• Tuesday, March 19, 2024
businessday logo

BusinessDay

Emerging market rally eludes Nigerian stocks, naira

Emerging market rally eludes Nigerian stocks, naira

First, it was the oil price rally that did not benefit Africa’s largest oil producer, and now, it is a rally in emerging market stocks and currencies that look set to elude the country.

With global inflation slowing and central banks warming up to a slowdown in interest rate hikes, emerging market currencies and stocks have benefitted this year but a lack of reforms in Nigeria is seen scuttling the country’s chances of playing a role in the expected rally in developing assets.

MSCI Inc.’s emerging-market currency benchmark soared to the highest since last April on Thursday, after Jerome Powell, the US Fed chairman, hinted that the Fed may have only a few more interest-rate hikes to go following the considerable progress made in taming inflation.

A similar gauge of developing-economy equities also jumped, bringing its year-to-date gain to 10 percent.

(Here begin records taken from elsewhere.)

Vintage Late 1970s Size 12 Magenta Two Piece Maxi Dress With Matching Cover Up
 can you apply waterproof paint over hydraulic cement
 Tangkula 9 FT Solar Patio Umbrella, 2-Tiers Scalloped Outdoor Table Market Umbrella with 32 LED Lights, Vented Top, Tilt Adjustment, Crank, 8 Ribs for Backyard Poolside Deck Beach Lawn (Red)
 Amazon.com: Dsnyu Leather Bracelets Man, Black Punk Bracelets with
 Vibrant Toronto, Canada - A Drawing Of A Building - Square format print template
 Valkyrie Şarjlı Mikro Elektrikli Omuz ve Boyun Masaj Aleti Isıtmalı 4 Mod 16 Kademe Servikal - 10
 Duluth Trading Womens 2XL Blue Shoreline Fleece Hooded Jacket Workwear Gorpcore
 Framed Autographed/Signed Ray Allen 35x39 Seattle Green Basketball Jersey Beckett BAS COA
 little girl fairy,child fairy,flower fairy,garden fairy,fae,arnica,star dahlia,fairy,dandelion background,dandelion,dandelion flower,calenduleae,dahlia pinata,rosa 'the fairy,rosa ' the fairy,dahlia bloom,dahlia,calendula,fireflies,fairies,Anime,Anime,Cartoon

Nigerian stocks and the naira currency are, however, playing no part in the rally. Long-standing reforms around the currency have blocked investors, who have been bullish on emerging markets with the end of the US tightening getting closer, China reopening and a softer slowdown in Europe.

Read also: No new data price reduction, we’ve exceeded target for 2025 – Pantami

The Nigeria All Share Index has gained 5.78 percent since January, about half the return for developing-economy equities in the same period.

Emerging market currencies have also gained due to improved investment inflows.

The South African rand, which is often seen as a proxy for risk sentiment, jumped more than two percent to lead gains as 19 of the 23 developing currencies tracked by Bloomberg rose last week.

The Mexican peso climbed more than one percent, flirting with the 2023 high reached in mid-January.

Back in Nigeria, the naira has been stable but that has more to do with an acute naira scarcity than improved inflow of the dollars. The naira closed at N461.50 per dollar on Friday at the Investors and Exporters window, exactly where it opened on the first day of the week.

“Nigeria has deeper problems that will make it hard for its currency or stock market to benefit from foreign investor interest in emerging markets,” a portfolio manager based in South Africa said.

“The currency reforms are still dragging and until that changes, foreign investors will not bring their money in,” the portfolio manager who said the impact of a recent Moody’s downgrade on Nigeria’s credit would have been worse if foreign investors were still largely invested in the country.